In the following weeks, council met with Ed Grant, chair of EWM, to discuss the future of the site. In an interview with The Compass following the meeting, Grant said that he felt as though the meeting went well, and that a stop work order was not yet being placed.

During Wednesday night’s meeting, Coun. Patrick Haire discussed the state of the site since the meeting. As far as he could tell, cleanup of the site had commenced. Haire said that there was a significantly smaller number of shingles on-site, which was one of the bigger issues council had brought forward to Grant.

“The last couple times I’ve been in there, they’ve had an inspector out from Eastern Waste Management,” said Haire. “There’s also a lot less looters up there. There’s nobody around now that are taking stuff out of it, and the inspector chased one fellow right to the door on his quad.”

Despite this, Haire felt as though once-a-week visits from EWM would not be enough, noting that the amount of waste being disposed of on the site on a weekly basis is only increasing.
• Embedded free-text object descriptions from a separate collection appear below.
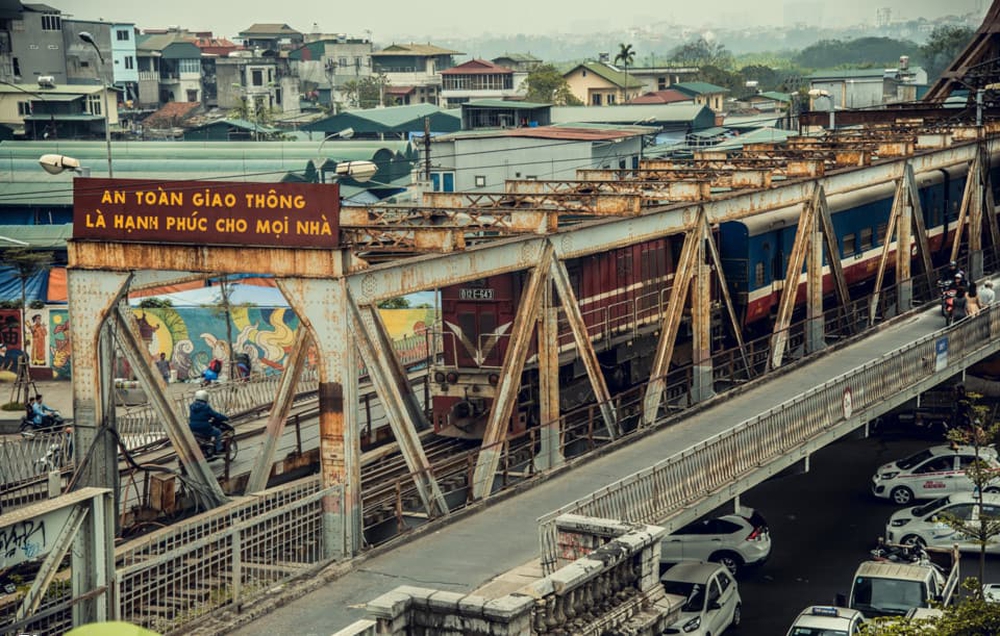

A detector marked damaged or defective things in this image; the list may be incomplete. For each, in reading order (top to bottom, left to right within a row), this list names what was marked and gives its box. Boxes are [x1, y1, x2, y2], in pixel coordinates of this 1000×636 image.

rusty steel beam [112, 306, 228, 506]
rust stain on steel [68, 241, 344, 276]
rusty steel beam [244, 326, 310, 494]
rusty steel beam [276, 278, 362, 556]
rusty steel beam [348, 296, 450, 516]
rusty steel beam [470, 245, 552, 502]
rusty steel beam [422, 190, 640, 215]
rusty steel beam [540, 280, 564, 470]
rusty steel beam [548, 256, 616, 440]
rusty steel beam [348, 143, 988, 306]
rusty steel beam [640, 220, 704, 428]
rusty steel beam [768, 189, 816, 368]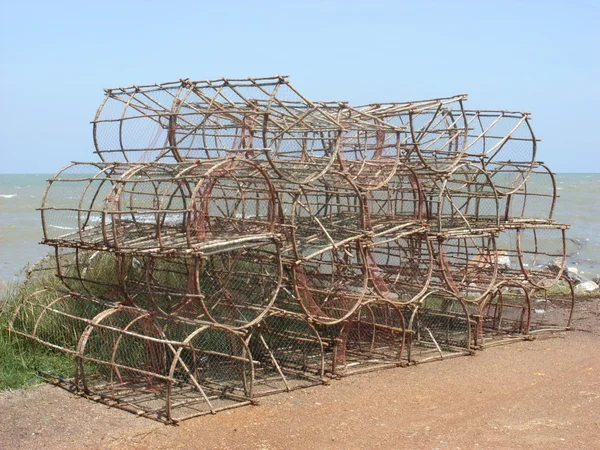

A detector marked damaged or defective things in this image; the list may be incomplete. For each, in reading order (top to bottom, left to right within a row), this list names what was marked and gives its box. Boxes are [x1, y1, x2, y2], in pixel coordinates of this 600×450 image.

rusted wire mesh [8, 75, 572, 424]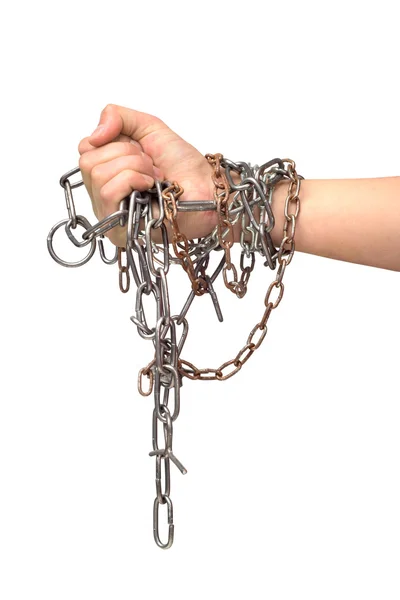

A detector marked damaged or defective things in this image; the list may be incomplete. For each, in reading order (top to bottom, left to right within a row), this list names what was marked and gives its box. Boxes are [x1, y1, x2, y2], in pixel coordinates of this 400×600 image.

rusty metal link [47, 152, 304, 552]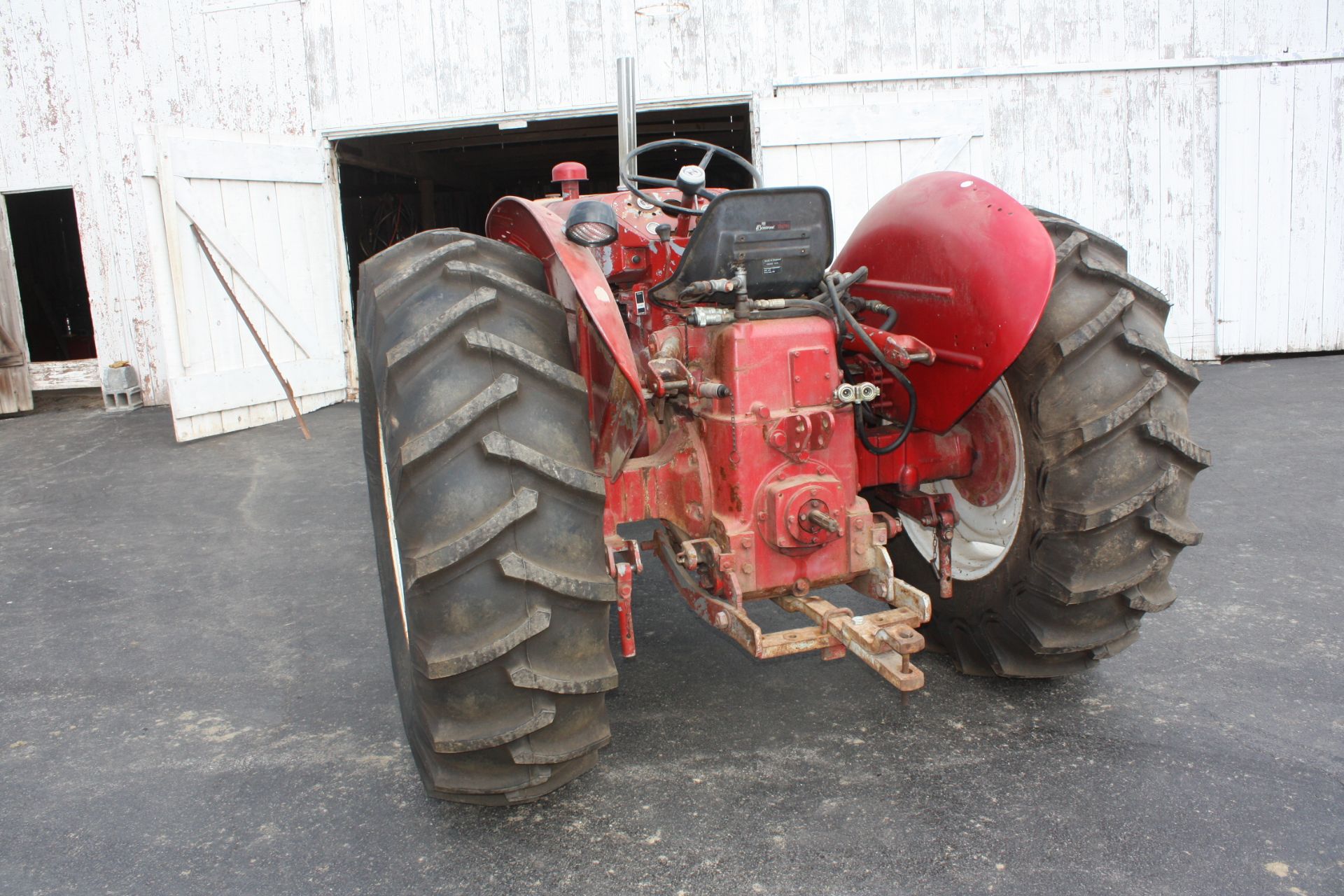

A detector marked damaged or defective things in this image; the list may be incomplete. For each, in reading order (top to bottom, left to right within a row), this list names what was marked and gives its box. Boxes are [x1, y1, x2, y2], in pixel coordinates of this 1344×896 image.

rusted metal bracket [605, 540, 639, 658]
rusted metal bracket [779, 596, 924, 693]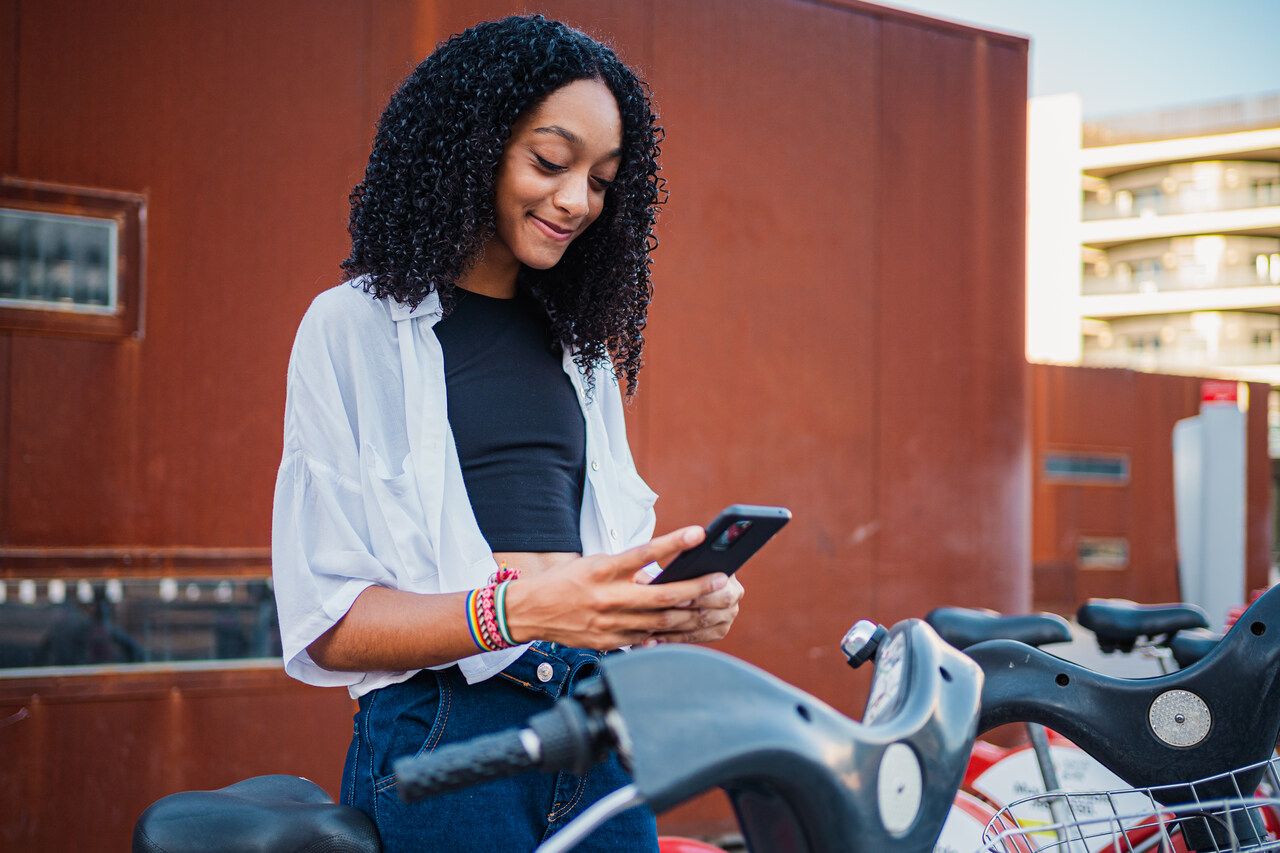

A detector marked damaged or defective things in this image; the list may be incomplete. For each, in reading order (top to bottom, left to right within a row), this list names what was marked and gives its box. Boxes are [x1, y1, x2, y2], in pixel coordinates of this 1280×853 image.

rusty red metal wall [2, 0, 1029, 840]
rusty red metal wall [1034, 361, 1274, 614]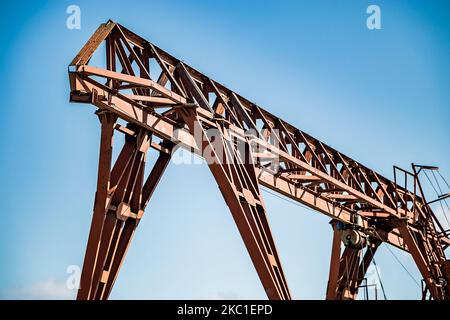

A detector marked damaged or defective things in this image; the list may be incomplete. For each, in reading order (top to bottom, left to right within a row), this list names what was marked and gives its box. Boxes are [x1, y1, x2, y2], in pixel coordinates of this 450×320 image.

rusty steel truss [67, 20, 450, 300]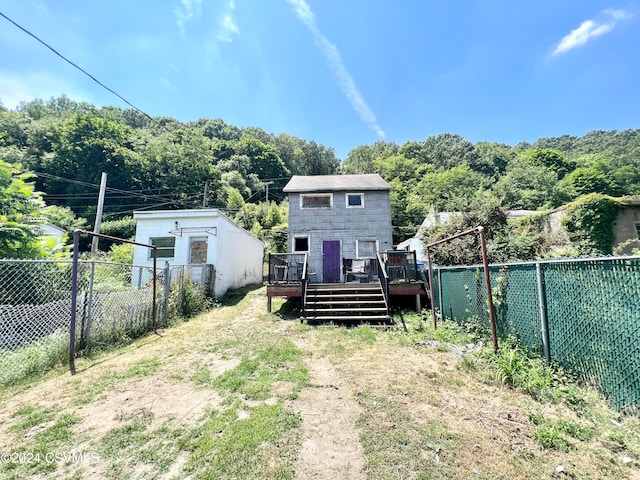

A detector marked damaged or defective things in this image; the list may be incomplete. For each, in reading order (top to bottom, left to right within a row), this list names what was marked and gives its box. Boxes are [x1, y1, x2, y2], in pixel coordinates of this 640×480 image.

rusty metal post [478, 227, 498, 354]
Mayor Terry Barnes suggested that council give it a few more weeks, and keep an eye on the site. Barnes said that as long as Grant’s promises are kept, the site will remain open, however, if not, Barnes is still prepared to issue a stop work order.

McCarthy suggested some form of open communication between council and EWM, as opposed to council having to visit the site every week. Tetford followed this up with the suggestion of a weekly report on the site from EWM.

“The thing is, we can’t put up with garbage being thrown all over the town, it can’t be all over the place,” said Tetford. “I’m just wondering if we can put it to them that we want a weekly, or bi-weekly report from the employees in there of what’s being dumped, and what’s being moved out of there.”

Ultimately, it was decided that letters addressing these points would be sent to EWM.